The tyranny of words: contract is not contract as we understand it but covenant does come pretty close to what we mean by contract.

 

b.

The problem of proof may account for the emergence of the sealed instrument requirement early in the 14th century. The S/Wales (Mats. pp. VII–12; 1284) tells us that covenant goes to the jury but there’s a problem with the jury unless they know both ends of the story. The problem is quite dramatically illustrated in the Waltham Hay Carrier’s Case (Mats, p. VII–13) from the eyre of London of 1321. The defendant was alleged to have agreed to carry a carry a barge load of hay from Waltham, which is in Essex, to London.

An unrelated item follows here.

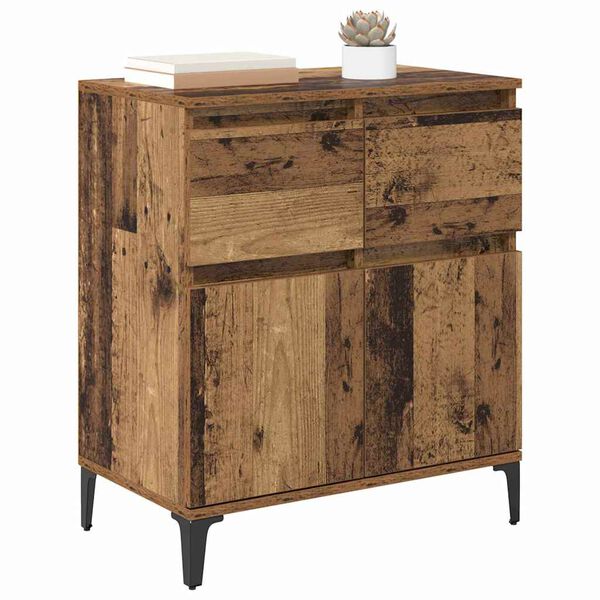 vidaXL Buffet Bois Ancien 60 x 35 x 70 cm Bois d'ing&eacute;nierie et fer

Indeed, he was alleged to have received the hay in Waltham, but to have failed to have carried it to London. The defendant’s counsel points out that Waltham was outside the court’s jurisdiction, but the Chief Justice bullies him into taking another plea, and he asks what the plaintiff has to show for his covenant. The latter replies that it was a simple agreement. The defendant alleges that the plaintiff must show a specialty, to which the plaintiff replies: “For a cartload of hay?” But the CJ has the last word: “We shall not undo the law for a cartload of hay. Covenant is none other than the assent of parties that lies in specialty.” And the plaintiff was non-suited.

 

c. 

The remedy is performance, perhaps specific performance, then the value of the performance. No incidental or consequential damages and that fact perhaps more than the need for a seal is what causes the rise of the penal bond. Building contracts seem to lead the way. In 1352 the availability of capias is extended to debt actions but not to covenant actions, but by that time the action is dead, except for leases and apprenticeship.

 

7.

Account. Another you have my money action, but with the extra attraction of obligation to account. The procedure is complicated. One first establishes the obligation to account. The taking of the account is then committed to auditors. The result of their accounting could then be recovered by way of writ of debt. The action was at first available, it would seem, only against manorial bailiffs, who had an obligation to account to their principals. In 1267 the action was extended to guardians in socage, who had a similar obligation. Early in the 14th century, it became available against receivers more generally, particularly mercantile ones, perhaps as a result of the statute of Westminster II of 1285. At various periods in the later Middle Ages and early modern periods the action seems to have been used for quasi-contractual recoveries, but for reasons that are not completely clear, the action died out in the 16th century. Perhaps its complexity did it in, but the problem may be that the central royal courts did not trust the merchants.